The states of quarkonia which have a size much less than the
characteristic scale of nonperturbative QCD, $\Lambda^{-1}$, can be
accurately described by QCD perturbation theory, just as positronium
is accurately described by QED perturbation theory \cite{CL}.  The
quarkonium wave function is nonzero at long distances, of order
$\Lambda^{-1}$ and greater, so the states of quarkonia are also
influenced by nonperturbative physics.  In this article we show that
perturbation theory is aware of this nonperturbative effect via its
large-order behavior.

Nonperturbative effects in quarkonia have previously been
paramaterized in terms of vacuum condensates.  At short distances, the
leading such effect is due to the gluon condensate \cite{V,L}.  We
argue that this effect is separate from the nonperturbative effect we
investigate, which is due to the nonzero wave function at long
distances.

That perturbation theory is aware of (some) nonperturbative effects
via its large-order behaviour is familiar from the study of infrared
renormalons \cite{tH,M}. Renormalons correspond to factorial growth of
the coefficients of the perturbation series, and are associated with
nonperturbative contributions of order $(\Lambda/Q)^p$, where $Q$ is a
characteristic momentum and $p$ is a positive integer.  Our analysis
is in the spirit of infrared renormalons.  We, however,find
perturbative coefficients that grow less rapidly than factorially, and
which are associated with a nonperturbative contribution of order
$e^{-Q/\Lambda}$, rather than a power of $(\Lambda/Q)$.

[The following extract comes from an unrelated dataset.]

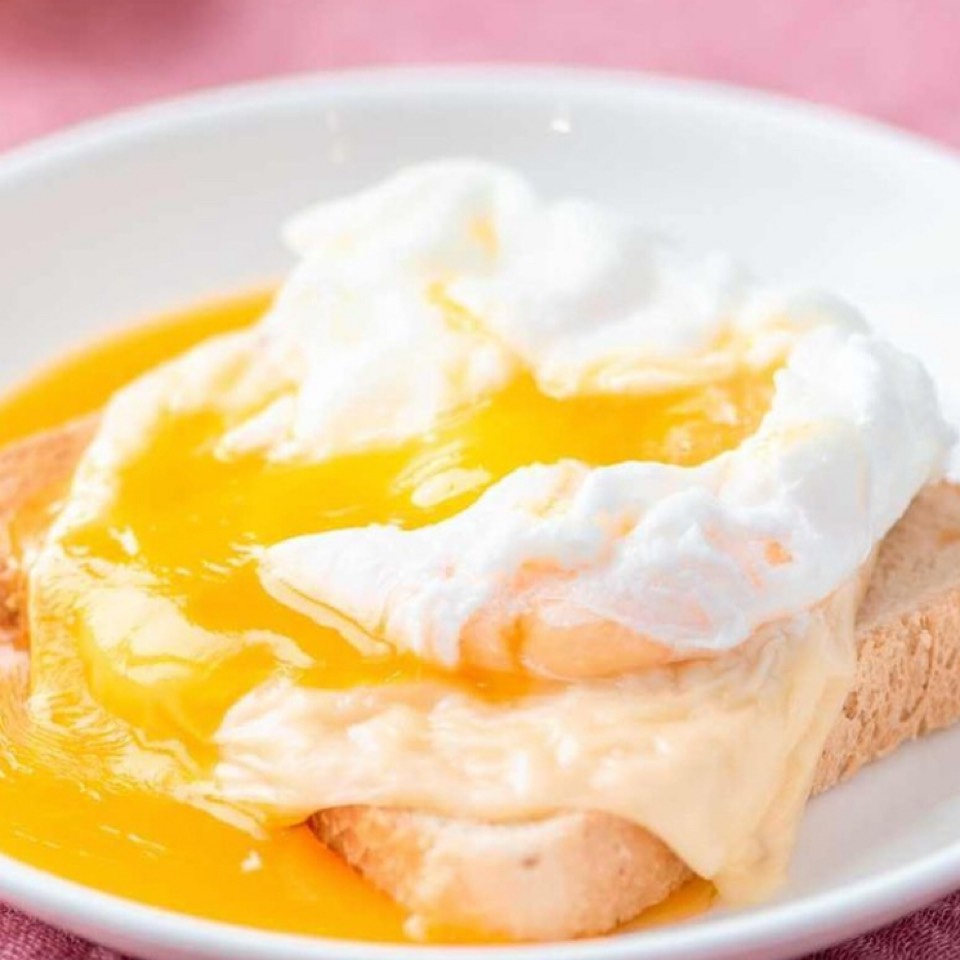 Pan con huevo estrellado 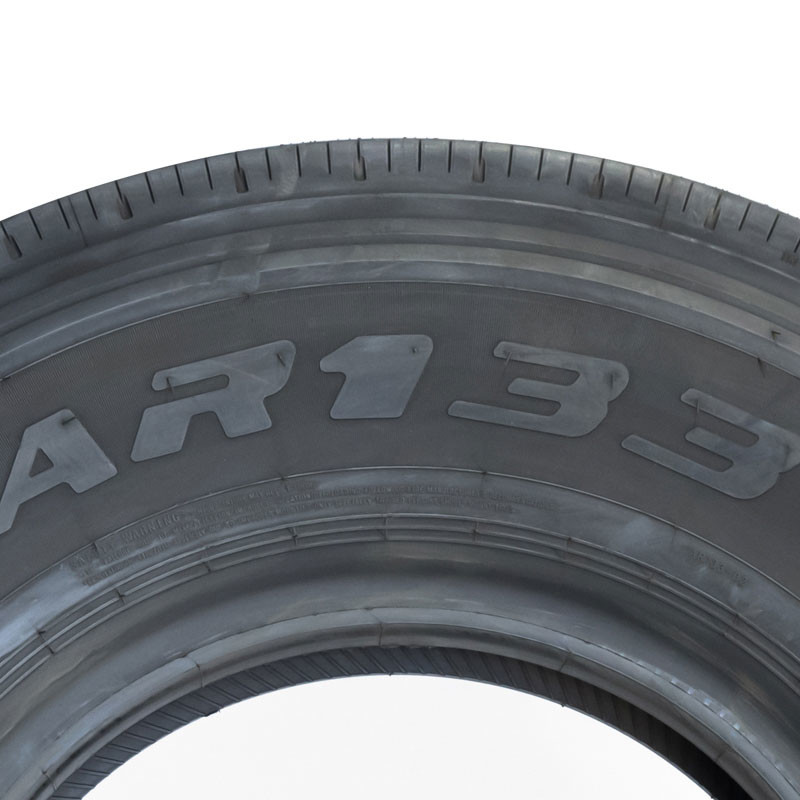 Chinses Factory Tyres All Steel Radial Truck Tyre AR133 11.00R20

At short distances, quarkonia can be described by the QCD analogue of
the Coulomb potential \cite{CL},
\begin{equation}
V(r) = -\frac{4}{3}\frac{\alpha_s(1/r)}{r}
\label{pot}
\end{equation}
with a coupling that depends on the distance between the quark and the
antiquark.  At distances of order $\Lambda^{-1}$ and greater the
coupling is large, and Eq.~(\ref{pot}) is invalid.  To study the
effects of the running coupling perturbatively, we expand the
evolution equation for the coupling as an infinite sum of terms which
depend on the coupling at an arbitrary fixed scale~$\mu$, $\alpha_s
\equiv \alpha_s(\mu)$.
\begin{eqnarray}
\alpha_s(1/r) & = & \frac{\alpha_s}{1-\beta\alpha_s \ln \mu r}
\nonumber \\ & = & \alpha_s(\mu) \sum_{k=0}^\infty (\beta \alpha_s \ln
\mu r)^k \;.
\label{run}
\end{eqnarray}
where
\begin{equation}
\beta \equiv \frac{1}{2\pi}\left(11-\frac{2}{3}N_f\right)
\end{equation}
is the one-loop beta function for $N_f$ flavors of light quarks.
Inserting Eq.~(\ref{run}) into Eq.~(\ref{pot}) gives
\begin{equation}
V(r) = -\frac{4}{3}\frac{\alpha_s}{r} + \sum_{k=1}^\infty V^k(r)
\label{potpert}
\end{equation}
with
\begin{equation}
V^k(r) \equiv -\frac{4}{3}\frac{\alpha_s}{r}(\beta\alpha_s\ln \mu r)^k
\end{equation}
Diagrammatically, the potential in Eq.~(\ref{potpert}) corresponds to
the sum of vacuum-polarization insertions in the tree-level potential,
as shown in Fig.~1.  In this sense, our analysis is similar to that of
infrared renormalons.

\begin{figure}
\centerline{\psfig{figure=fig1.eps,width=5in}}
\caption{Quarkonium formation via the exchange of a gluon.  The
Coulomb potential is modified by the insertion of vacuum-polarization
subdiagrams in the gluon propagator.}
\end{figure}

The first term in Eq.~(\ref{potpert}) is the QCD Coulomb potential
with a fixed coupling.  We take this as the unperturbed potential. Its
solution involves the usual Coulomb energies and wave functions.  We
regard the remaining terms as perturbing potentials of order
$(\beta\alpha_s)^k$, and evaluate their contribution using ordinary
nonrelativistic time-independent perturbation theory.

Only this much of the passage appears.